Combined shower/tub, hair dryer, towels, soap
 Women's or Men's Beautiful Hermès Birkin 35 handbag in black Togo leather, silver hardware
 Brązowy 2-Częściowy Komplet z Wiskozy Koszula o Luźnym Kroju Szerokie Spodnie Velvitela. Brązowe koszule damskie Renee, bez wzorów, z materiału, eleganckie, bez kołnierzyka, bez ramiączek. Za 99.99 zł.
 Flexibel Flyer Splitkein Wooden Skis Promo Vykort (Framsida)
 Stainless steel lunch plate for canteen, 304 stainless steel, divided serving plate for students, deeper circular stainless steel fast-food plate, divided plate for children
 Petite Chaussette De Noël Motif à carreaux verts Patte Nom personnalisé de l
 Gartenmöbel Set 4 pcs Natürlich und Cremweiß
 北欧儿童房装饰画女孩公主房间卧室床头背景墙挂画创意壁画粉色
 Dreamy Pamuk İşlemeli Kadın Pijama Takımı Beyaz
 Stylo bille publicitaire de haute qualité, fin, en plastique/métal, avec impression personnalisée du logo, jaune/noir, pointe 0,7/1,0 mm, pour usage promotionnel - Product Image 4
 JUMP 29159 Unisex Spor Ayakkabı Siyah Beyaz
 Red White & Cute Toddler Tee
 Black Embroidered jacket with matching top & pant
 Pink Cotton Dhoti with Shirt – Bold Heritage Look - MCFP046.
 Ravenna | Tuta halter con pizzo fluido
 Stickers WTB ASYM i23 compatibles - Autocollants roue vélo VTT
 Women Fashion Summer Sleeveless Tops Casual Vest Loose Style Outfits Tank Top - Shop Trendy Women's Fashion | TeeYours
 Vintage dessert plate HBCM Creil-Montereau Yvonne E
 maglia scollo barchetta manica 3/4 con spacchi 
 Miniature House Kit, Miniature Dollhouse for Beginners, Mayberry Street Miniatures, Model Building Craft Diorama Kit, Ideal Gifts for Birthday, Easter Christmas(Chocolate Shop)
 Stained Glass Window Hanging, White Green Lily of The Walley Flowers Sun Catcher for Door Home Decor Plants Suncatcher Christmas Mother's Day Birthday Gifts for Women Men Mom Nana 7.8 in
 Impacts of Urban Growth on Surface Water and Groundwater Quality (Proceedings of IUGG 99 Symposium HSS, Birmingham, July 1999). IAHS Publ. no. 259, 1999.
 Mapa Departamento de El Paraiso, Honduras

-- Goal of the exercise --
Would you transcribe exactly the lines from the one containing "Miniature House Kit, Miniature" to the end of the material, and leave out the rest?

-- Task output --
 Miniature House Kit, Miniature Dollhouse for Beginners, Mayberry Street Miniatures, Model Building Craft Diorama Kit, Ideal Gifts for Birthday, Easter Christmas(Chocolate Shop)
 Stained Glass Window Hanging, White Green Lily of The Walley Flowers Sun Catcher for Door Home Decor Plants Suncatcher Christmas Mother's Day Birthday Gifts for Women Men Mom Nana 7.8 in
 Impacts of Urban Growth on Surface Water and Groundwater Quality (Proceedings of IUGG 99 Symposium HSS, Birmingham, July 1999). IAHS Publ. no. 259, 1999.
 Mapa Departamento de El Paraiso, Honduras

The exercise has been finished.